Entonces, como es de esperarse, Duncan, con toda la mochila que lleva sobre sus hombros, que involucra padres separados, una madre cornuda y negadora, un “padrastro” abusivo y descalificador, una hermanastra que no le da pelota, una chica linda que le gusta y a la que no se le anima, y mirada y actitud de perro apaleado porque su vida es triste –y porque los directores deciden mostrárnoslo así a cada instante, para luego ponernos de testigos de su transformación externa e interna– encontrará en Owen y en Water Wizz el lugar y las personas que lo ayudarán en su búsqueda personal, en la reafirmación de sí mismo, en la construcción de la autoestima, en la vuelta a los valores que realmente importan.

Una feel good movie hecha y derecha, porque no podemos evitar sentirnos bien frente a la transformación que va sufriendo nuestro protagonista, porque empatizamos con él, nos encariñamos y sentimos, entonces, que merece esa justicia.

Y asistimos a esa transformación, pero todo tiene gusto a artificial, a poco genuino. Owen no tiene pasado; con 44 años, trabaja en un parque de agua, no sabemos bien por qué, ni si realmente le gusta, y mantiene una relación particular con Caitlin (Maya Rudolph), de quien no se nos devela demasiado. Entonces todo pareciera puesto al servicio de la historia. Los personajes no tienen autonomía sino que funcionan como accesorios de la trama central, como “ángeles” colocados en el camino de Duncan para ayudarlo a crecer y para dejarle grandes enseñanzas morales. El resto de los adultos, por el contrario, son todos una manga de inadaptados, o simplemente hicieron de su vida lo que pudieron, y son retratados como nocivos la mayor parte del tiempo. Fuman porro (¡oh, por todos los santos, qué horror!), hablan hasta por los codos, salen de joda, gritan, chupan, morfan, no lavan los platos, mienten, engañan.

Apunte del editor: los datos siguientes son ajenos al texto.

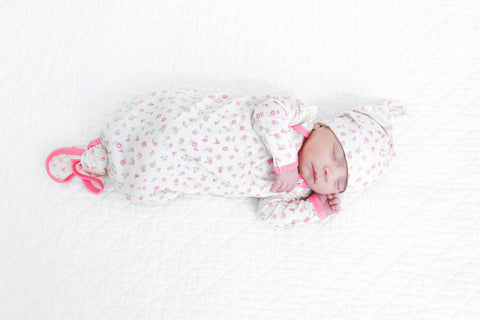 Rosebud Floral Bamboo Knotted Gown for Baby Girls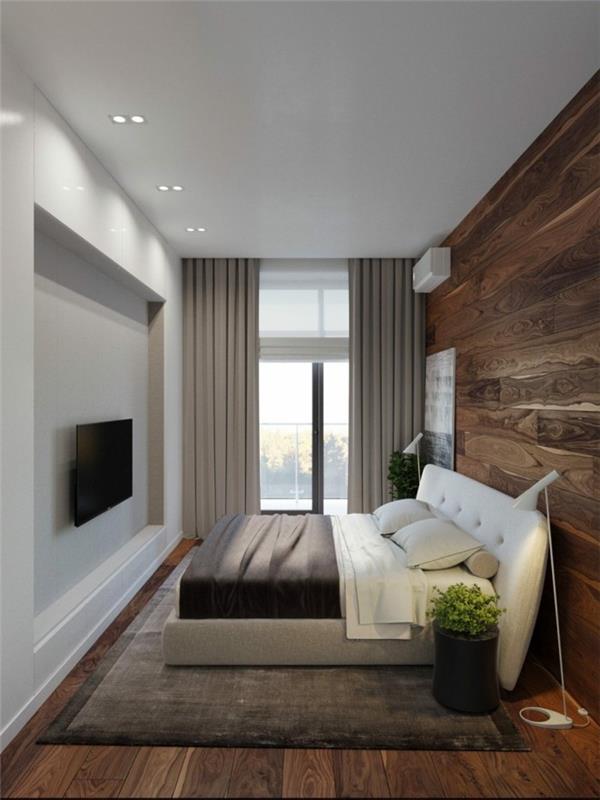ιδέες διαβίωσης υπνοδωμάτιο μικρός χώρος ύπνου με ξύλινα πάνελ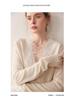 2025 Herbst/Winter Damen V-Ausschnitt Kaschmir Spitzen Strickjacke
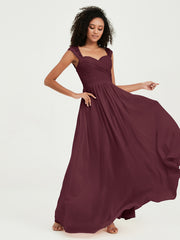Col En Cœur Mousseline Robes Avec Dentelle Mancherons Cabernet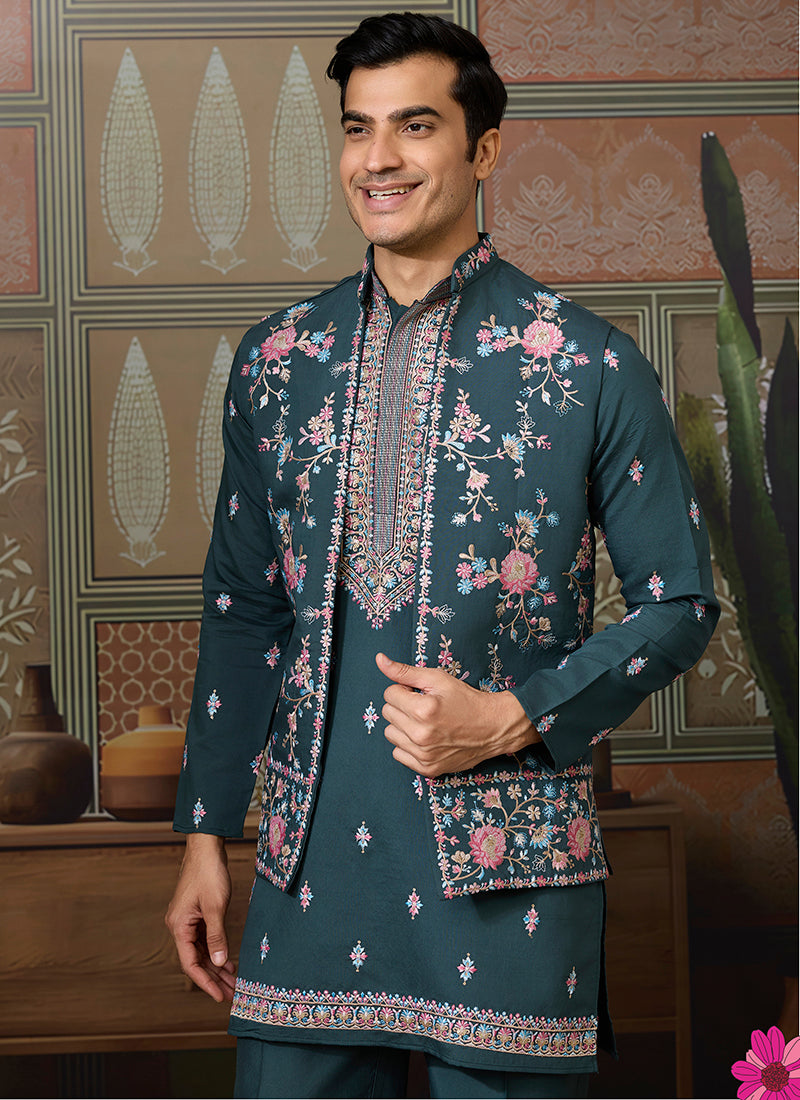 Viscose Silk Teal Festive Wear Embroidery Work Readymade Kurta Pajama With Jacket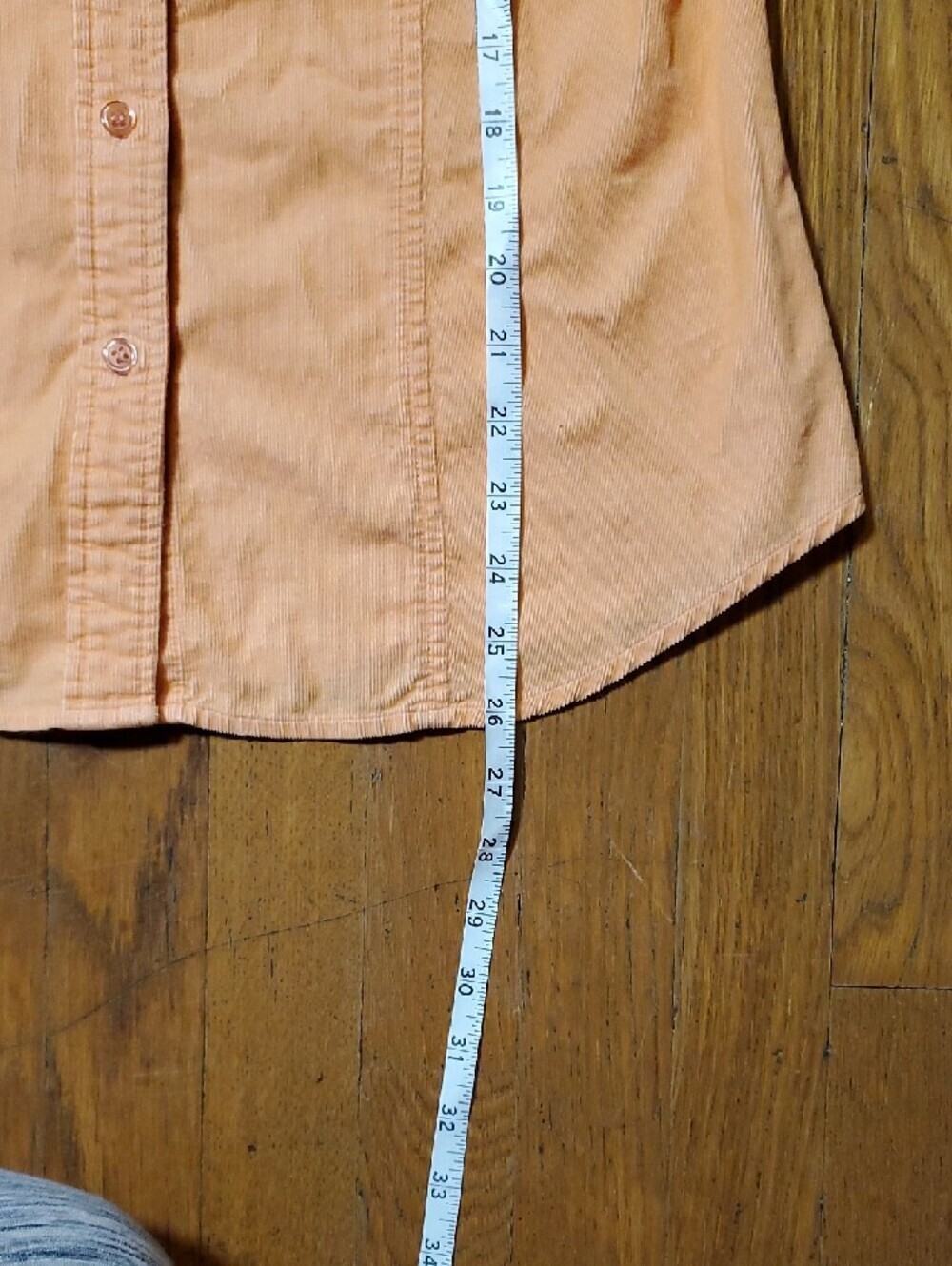 Peach Button-Up Corduroy Shirt - Picture 6 of 9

Por supuesto, todo desde la óptica de nuestro protagonista de 14 años, que parece condenar severamente cada uno de esos actos.

Así planteadas las cosas, entonces, se construye esta idea pueril de las relaciones, como también de los procesos madurativos de los personajes. Y el final, circular, con el mismo plano que el del inicio, da cuenta de ello, cuando su madre se pasa al asiento de atrás con él en señal inequívoca de reconocimiento, de apoyo, de camaradería implícita y de saberse juntos en esta nueva y renovada etapa de sus vidas.

De nuevo, no tengo nada en contra de las feel good movies, porque uno sale del cine sintiéndose, justamente, bien por lo que acaba de ver, por la redención del protagonista y la condena moral del antagonista. Pero no siempre me gusta sentir que todo fue tan fríamente calculado y diagramado para hacerme sentir bien. Dejen que me sienta bien, dejen que me guste, pero no me mastiquen la comida; por ahora, tengo dientes y puedo solita.